Products Become Commodities Creating Intense Price Pressure | Businesses often assume that product cost reductions are predictable and will protect the company against aggressive competitors. But what happens when cost reductions don't materialize or competitors emerge with lower-cost factories or sponsors (such as governmental agencies) willing to subsidize loss-making factories?

Rapid Industry Consolidation Threatens Niche Companies | The history of technology companies is that of relentless consolidation, driven by the high cost of developing new products of ever greater sophistication along with the need for broad marketing. You must grow with the market opportunity that was the basis of your venture. Some companies fail to understand the market dynamics and end up stranded with shrinking revenues when more aggressive competitors copy their original value proposition but do it more cheaply and perhaps better.

Industry Standards Obsolete Products | Major changes in industry product or service standards can destroy a company. Products can be obsoleted overnight when new standards are mandated and the company does not have the time or resources to meet them. It's essential to anticipate such changes and be prepared to deal with them with adequate capital and skills.

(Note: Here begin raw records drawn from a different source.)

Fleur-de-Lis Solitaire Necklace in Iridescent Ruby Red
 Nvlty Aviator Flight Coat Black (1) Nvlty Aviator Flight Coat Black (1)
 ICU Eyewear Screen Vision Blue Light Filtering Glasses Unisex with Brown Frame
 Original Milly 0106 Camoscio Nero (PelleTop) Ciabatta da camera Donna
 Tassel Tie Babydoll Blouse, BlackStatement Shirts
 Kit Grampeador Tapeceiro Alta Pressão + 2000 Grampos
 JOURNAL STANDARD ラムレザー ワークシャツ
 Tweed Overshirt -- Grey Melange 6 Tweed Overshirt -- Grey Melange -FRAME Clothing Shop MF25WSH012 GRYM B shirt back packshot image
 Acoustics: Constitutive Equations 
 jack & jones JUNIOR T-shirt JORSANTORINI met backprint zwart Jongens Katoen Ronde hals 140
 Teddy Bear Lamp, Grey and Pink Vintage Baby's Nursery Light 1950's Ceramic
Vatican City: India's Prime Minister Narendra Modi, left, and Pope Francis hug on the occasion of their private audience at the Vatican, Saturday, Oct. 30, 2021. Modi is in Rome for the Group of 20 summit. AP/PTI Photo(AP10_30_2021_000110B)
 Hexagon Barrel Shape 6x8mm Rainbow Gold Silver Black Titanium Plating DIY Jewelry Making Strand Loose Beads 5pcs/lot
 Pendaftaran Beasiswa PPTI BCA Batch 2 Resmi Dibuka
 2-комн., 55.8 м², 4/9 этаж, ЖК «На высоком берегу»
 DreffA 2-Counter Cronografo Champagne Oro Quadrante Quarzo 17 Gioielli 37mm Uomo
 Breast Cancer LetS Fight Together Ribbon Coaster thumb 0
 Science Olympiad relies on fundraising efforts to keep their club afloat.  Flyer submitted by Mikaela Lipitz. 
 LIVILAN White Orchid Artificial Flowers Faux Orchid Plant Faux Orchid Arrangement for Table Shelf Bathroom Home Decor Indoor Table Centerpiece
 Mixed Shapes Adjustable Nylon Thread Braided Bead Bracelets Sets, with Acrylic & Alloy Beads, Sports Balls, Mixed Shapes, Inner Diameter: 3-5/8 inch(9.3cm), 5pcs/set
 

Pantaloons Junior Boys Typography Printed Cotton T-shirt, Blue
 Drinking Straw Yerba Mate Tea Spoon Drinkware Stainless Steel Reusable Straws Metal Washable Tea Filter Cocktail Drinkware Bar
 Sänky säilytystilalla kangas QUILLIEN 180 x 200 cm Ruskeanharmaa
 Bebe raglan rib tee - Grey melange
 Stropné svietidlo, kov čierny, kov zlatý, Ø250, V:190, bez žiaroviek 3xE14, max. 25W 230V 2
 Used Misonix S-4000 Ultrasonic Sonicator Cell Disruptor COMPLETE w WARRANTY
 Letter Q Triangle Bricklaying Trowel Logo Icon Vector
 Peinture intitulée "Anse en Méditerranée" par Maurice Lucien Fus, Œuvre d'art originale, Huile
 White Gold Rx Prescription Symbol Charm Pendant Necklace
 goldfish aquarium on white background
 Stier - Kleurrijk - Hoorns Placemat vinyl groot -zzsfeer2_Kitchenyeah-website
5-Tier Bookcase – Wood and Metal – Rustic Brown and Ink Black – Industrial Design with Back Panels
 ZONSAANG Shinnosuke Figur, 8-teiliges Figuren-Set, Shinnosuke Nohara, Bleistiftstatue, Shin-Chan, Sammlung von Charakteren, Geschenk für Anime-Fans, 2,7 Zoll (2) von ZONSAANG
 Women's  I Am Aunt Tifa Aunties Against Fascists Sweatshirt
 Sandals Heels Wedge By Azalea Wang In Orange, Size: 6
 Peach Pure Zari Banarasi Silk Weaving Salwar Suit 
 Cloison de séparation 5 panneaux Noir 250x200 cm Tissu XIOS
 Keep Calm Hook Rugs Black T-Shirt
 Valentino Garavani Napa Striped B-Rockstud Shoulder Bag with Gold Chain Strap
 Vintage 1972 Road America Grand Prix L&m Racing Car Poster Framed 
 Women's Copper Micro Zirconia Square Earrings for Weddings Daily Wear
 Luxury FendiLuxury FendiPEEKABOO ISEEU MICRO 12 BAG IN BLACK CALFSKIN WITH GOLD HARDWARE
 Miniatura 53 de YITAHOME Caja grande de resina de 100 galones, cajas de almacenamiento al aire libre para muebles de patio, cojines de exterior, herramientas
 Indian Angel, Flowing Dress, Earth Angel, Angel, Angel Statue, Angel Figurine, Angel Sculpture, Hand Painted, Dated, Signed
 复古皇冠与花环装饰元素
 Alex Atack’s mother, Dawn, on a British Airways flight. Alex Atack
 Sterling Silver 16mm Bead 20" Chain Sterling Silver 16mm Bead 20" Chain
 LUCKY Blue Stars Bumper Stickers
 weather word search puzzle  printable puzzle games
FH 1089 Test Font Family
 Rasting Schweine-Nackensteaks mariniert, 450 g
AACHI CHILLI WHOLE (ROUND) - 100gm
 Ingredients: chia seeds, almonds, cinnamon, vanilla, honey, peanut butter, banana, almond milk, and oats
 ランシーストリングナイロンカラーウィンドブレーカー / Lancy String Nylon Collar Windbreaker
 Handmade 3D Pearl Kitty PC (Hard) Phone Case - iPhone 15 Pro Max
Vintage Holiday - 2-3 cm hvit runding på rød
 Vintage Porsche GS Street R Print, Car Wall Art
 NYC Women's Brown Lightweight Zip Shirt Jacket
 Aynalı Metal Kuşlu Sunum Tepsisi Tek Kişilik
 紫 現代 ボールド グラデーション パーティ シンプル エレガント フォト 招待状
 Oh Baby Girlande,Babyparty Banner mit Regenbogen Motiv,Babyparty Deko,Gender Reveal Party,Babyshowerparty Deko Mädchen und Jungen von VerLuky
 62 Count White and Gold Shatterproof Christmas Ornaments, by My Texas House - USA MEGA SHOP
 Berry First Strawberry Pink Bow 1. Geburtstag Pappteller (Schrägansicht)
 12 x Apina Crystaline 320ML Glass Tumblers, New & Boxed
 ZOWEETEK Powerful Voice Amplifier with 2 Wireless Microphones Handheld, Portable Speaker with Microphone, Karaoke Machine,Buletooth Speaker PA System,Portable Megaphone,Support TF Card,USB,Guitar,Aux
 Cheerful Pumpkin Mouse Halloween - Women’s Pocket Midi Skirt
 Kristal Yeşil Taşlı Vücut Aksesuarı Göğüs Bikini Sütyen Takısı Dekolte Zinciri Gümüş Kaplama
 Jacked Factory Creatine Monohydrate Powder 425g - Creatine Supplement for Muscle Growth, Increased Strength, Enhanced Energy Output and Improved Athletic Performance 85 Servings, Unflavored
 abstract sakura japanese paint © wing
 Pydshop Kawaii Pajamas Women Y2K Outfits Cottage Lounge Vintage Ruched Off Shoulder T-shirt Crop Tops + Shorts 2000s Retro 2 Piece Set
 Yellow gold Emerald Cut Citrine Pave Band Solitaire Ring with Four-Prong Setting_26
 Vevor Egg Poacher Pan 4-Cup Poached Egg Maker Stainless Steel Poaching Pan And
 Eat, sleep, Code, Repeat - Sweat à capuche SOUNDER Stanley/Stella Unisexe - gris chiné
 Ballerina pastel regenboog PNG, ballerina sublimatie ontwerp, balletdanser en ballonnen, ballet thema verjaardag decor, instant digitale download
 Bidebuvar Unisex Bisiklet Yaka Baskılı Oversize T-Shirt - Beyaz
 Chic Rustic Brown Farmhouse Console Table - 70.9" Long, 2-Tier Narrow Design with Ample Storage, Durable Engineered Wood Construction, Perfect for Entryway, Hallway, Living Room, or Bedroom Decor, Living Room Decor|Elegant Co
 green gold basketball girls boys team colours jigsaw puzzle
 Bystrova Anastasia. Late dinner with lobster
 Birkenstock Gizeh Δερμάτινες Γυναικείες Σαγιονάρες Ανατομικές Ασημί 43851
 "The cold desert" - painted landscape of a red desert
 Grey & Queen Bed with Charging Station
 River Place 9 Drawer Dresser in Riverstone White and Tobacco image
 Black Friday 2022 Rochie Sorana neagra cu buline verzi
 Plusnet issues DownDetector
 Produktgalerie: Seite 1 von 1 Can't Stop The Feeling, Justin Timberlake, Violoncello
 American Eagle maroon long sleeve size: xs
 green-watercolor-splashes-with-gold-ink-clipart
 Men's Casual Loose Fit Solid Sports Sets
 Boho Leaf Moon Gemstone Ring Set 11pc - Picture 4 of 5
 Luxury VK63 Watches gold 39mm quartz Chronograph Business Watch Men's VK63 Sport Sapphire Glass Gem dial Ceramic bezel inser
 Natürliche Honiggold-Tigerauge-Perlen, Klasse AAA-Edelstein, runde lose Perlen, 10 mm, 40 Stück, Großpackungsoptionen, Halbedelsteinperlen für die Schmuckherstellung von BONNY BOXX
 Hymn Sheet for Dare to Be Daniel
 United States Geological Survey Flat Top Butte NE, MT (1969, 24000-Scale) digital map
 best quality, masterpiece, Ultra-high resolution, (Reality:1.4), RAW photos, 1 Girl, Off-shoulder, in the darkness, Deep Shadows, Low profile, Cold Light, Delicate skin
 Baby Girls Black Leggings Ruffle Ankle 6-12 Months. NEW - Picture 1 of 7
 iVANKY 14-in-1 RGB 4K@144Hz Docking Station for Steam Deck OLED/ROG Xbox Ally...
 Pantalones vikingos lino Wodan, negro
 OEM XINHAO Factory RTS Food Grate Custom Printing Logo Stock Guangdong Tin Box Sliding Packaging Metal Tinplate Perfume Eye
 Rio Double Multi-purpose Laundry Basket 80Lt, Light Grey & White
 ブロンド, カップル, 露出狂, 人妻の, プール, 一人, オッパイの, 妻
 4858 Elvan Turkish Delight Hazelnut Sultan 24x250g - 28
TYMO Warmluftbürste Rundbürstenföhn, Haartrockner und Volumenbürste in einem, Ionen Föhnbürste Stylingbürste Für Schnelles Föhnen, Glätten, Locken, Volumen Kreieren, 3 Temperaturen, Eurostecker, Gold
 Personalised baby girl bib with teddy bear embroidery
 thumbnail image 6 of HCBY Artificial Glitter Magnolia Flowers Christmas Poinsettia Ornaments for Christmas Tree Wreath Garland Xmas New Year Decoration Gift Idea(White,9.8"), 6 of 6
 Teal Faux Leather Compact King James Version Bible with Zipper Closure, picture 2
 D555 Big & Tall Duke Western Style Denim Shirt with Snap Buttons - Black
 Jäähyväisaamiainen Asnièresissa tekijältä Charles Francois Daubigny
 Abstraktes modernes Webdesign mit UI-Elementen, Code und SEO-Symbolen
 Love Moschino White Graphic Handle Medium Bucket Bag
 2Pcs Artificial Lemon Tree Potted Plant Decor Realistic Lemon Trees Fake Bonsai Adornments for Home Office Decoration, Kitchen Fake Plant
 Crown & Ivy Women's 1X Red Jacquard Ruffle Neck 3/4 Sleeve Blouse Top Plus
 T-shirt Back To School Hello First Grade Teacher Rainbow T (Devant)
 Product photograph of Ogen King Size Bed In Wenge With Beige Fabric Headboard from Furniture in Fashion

Failure to React to New Technologies | Many businesses fail to adapt rapidly enough to new technologies. This process can be painful because new technologies can obsolete the existing product portfolio. Here is where the most brilliant and courageous management is needed. One example of a company that successfully transformed itself when faced with a fundamental technology introduction is BEA Systems. The company was originally launched to provide novel software to enable reliable computer operations networked over private corporate data networks. It was successful with this model, and even went public. But the management recognized that there was disruptive changes on the horizon. The internet was becoming critical for data communications, and they needed to transform their products. The company management acquired a start-up with the required technology, and became a leading software company offering products based on Internet communications. Oracle Corporation eventually acquired BEA for several billion dollars. Had it failed to transform itself, it would have been a niche player of limited value with poor future prospects.

Conclusion. You position yourself for success when you have skillfully avoided the five fatal mistakes. Leading a venture will constantly challenge you in unpredictable ways, but what people sometimes call good luck in building successful businesses is rather success based on a series of wise decisions, leaving room for serendipity to make its contribution. We hope this manifesto will help you make these wise decisions as well.